The Commission was of the view that such an amendment may not “directly affect the substantive rights and liabilities of the parties”, the amendment would form “basis for Arbitral Tribunals and Courts to interpret” the Act in consonance with the aforesaid objectives.
Comments: Why should domestic arbitration, international commercial arbitration and enforcement of foreign arbitral awards be specified separately? Wouldn’t it have sufficed to simply state “…to improve the law relating to arbitration as also to define…”?
We are slightly sceptic of this amendent as there were enough such signals in the Act which were wholly ignored by the judiicary and the Act was construed at their whim and fancy.

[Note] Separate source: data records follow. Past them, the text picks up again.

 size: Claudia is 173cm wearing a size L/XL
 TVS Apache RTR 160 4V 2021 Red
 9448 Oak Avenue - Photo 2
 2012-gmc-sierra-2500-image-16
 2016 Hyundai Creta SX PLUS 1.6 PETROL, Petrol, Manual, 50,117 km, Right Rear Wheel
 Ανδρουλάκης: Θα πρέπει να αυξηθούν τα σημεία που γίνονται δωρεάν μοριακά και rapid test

Nevertheless, the Commission probably felt that since BALCO (2012) and the subsequent changes to the judiciary’s approach to arbitration, it is important to provide such signals to ensure that courts consider these objectives while dealing with the Act. It is important to clearly state what the Legislature wants out of arbitration in India. Considering this, the amendment’s unambiguous statement of the object of the enactment is in the right direction.
Amendments to Section 2:
Arbitral Tribunal Includes Emergency Arbitrator:
The Commission seeks to include “emergency arbitrator” to the the definition of arbitral tribunal in S. 2(1)(d).

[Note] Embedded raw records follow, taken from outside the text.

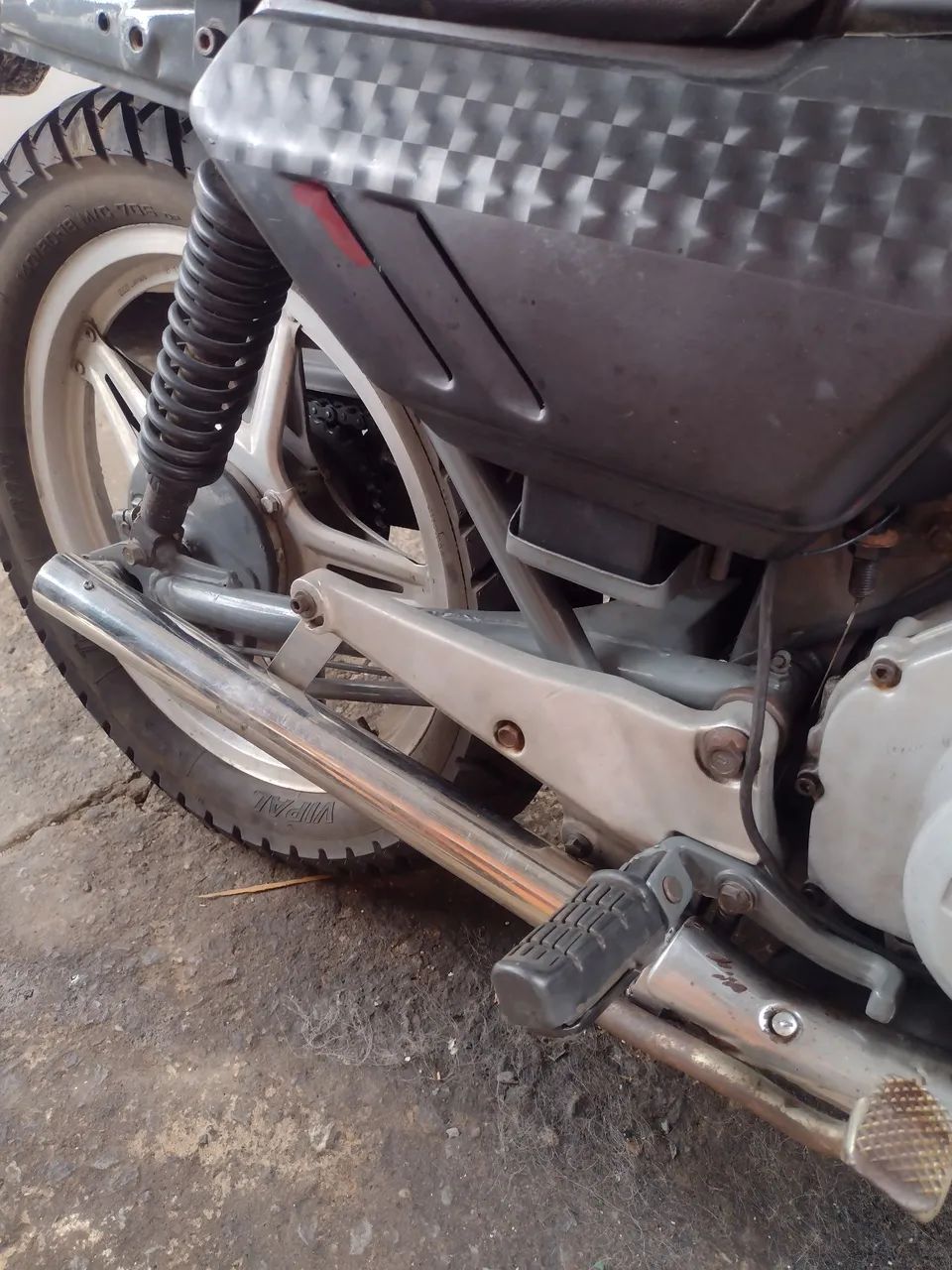 CB 400/450 customizada - Foto 3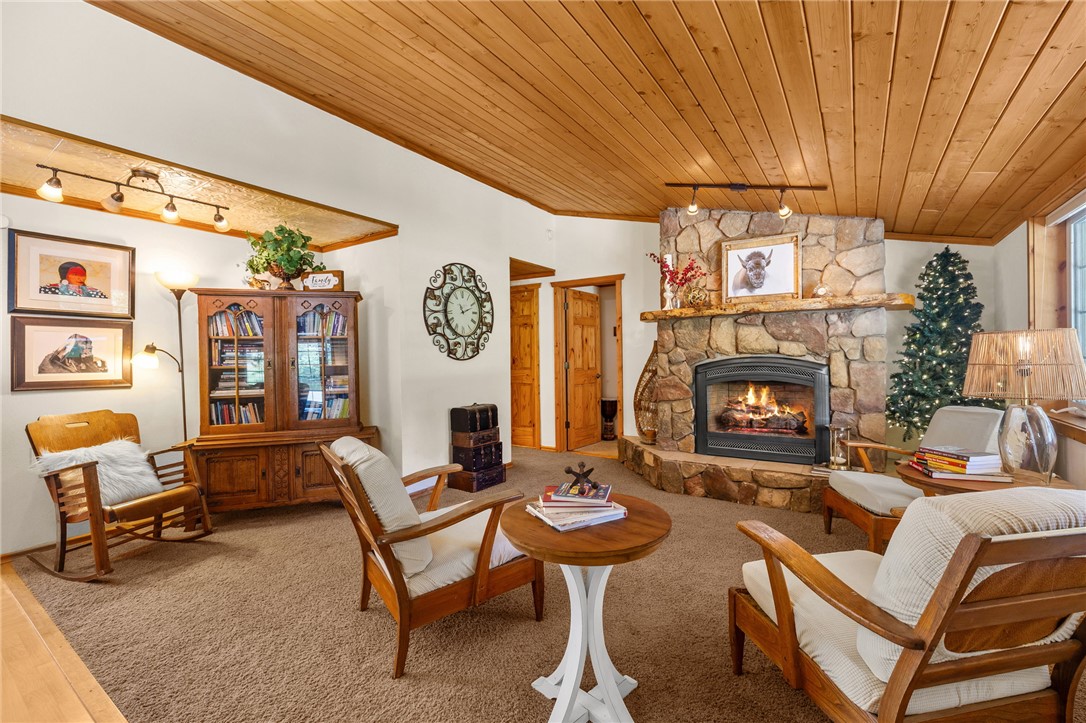 9 Waples Drive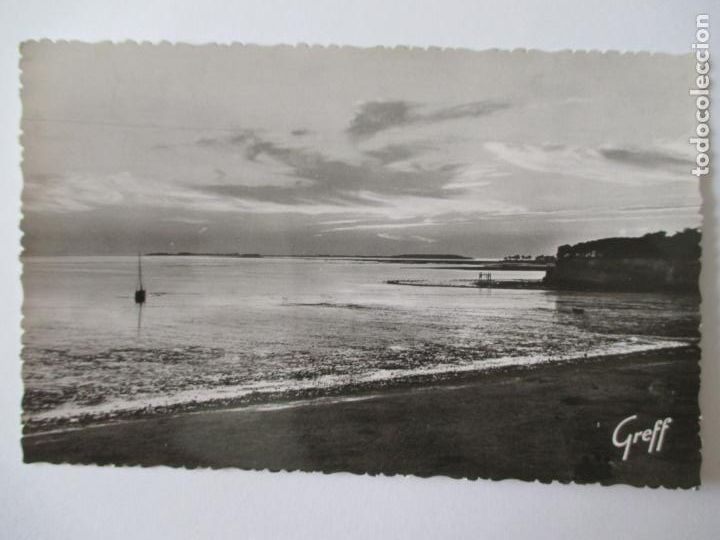Postcards: TARJETA POSTAL DE FRANCIA. EN AUNIS FOURAS SOLEIL COUCHANT SUR LA GRANDE PLAGE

Comment: Several institutions such as the International Chamber of Commerce, Singapore International Arbitration Centre, Stockholm Chamber of Commerce provide for an arbitrator appointed prior to the constitution of the arbitral tribunal for the sake of emergency interim relief. The amendment seeks to recognise emergency arbitrator under the Rules.

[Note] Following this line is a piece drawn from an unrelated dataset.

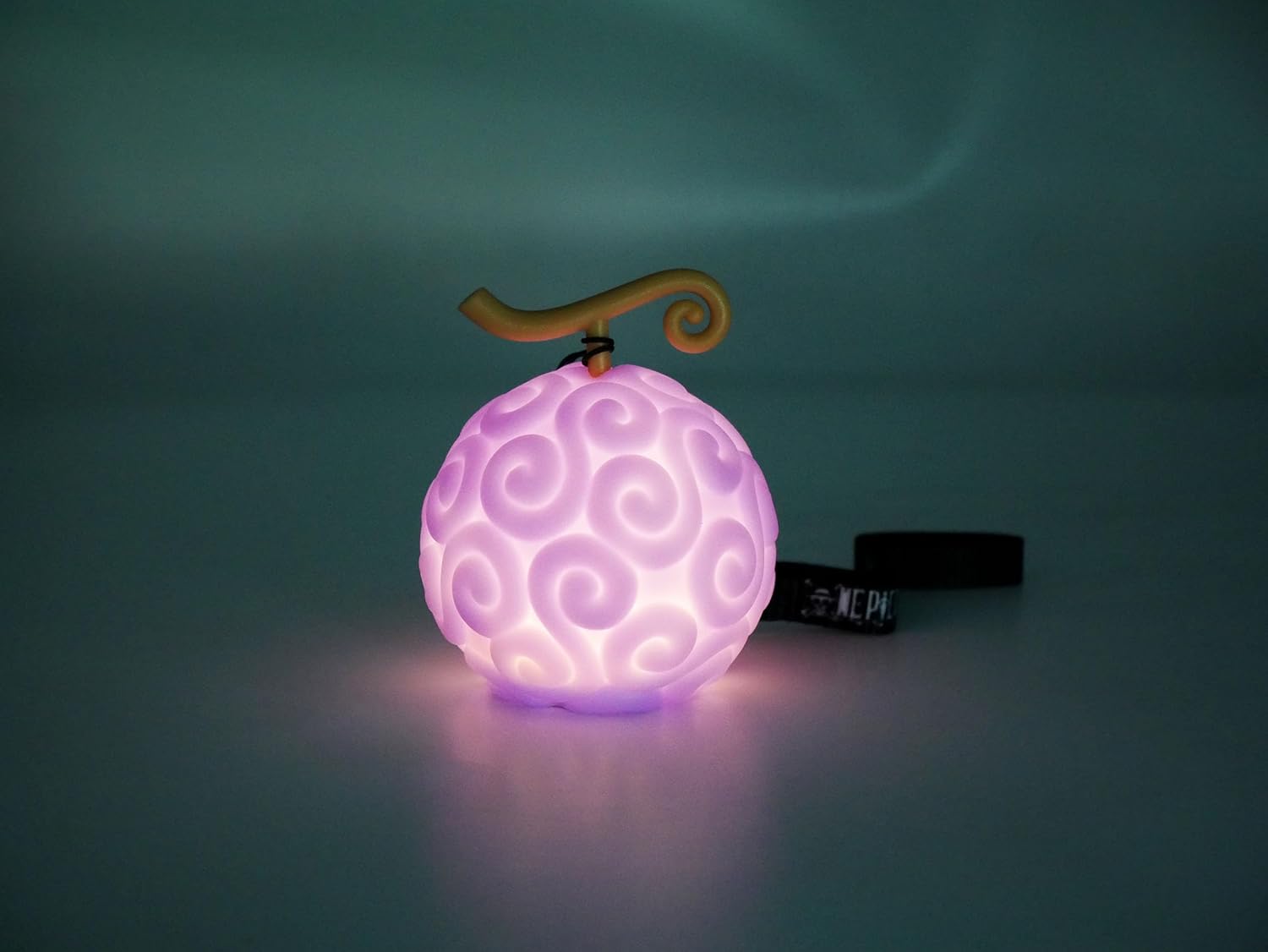 Les fruits du démon lumineux de Teknofun : la touche magique qui fera briller les fans de One Piece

Apart from the above-said amendment, there is nothing else in the amendment on the Emergency arbitrator. Two aspects are worth noting here:
1) In a jurisdiction which consists predominantly of ad hoc arbitration, shouldn’t the Commission have thought of a court appointed emergency arbitrator parallel to court based interim measures? Such an appointment should be based merely on an application by a party and the standards of entering into jurisdiction by such emergency arbitrator should be the same as that of an emergency arbitrator under the institutional Rules. An aspect probably worth examining by the Law Commission.
2) Legal recognition to such measures ordered by the emergency arbitrator should be made express. Further, institutional Rules, such as the ICC Rules, may not be clear on whether such orders by the emergency arbitrator are enforceable and the means of enforcing them. The Commission could have perhaps clarified where and how the emergency arbitrator’s order would fit in in the scheme of interim measures ordered by the tribunal, its appealability and enforcement.
Court for the Purposes of International Commercial Arbitration:
“Court” for the purposes of International Commercial Arbitration would mean the High Court. Thus, the District Court is being divested of the power to deal with International Commercial Arbitrations.
Comments: The Commercial Division Bill proposed to constitute a Bench of the High Court to deal with all matters pertaining to challenge and execution of arbitral awards. This amendment departs from the previous stand by letting the District Court deal with all matters pertaining to domestic arbitration while emasculating the jurisdiction to deal with International Commercial Arbitration. An appropriate move as past records show that even the Supreme Court has struggled to deal with choice of law doctrine clearly. Hence, this amendment is a good move. In restrospect, the Commercial Division Bill perhaps went far too ahead in further burdening the already burdened High Court in dealing with domestic arbitrations as well.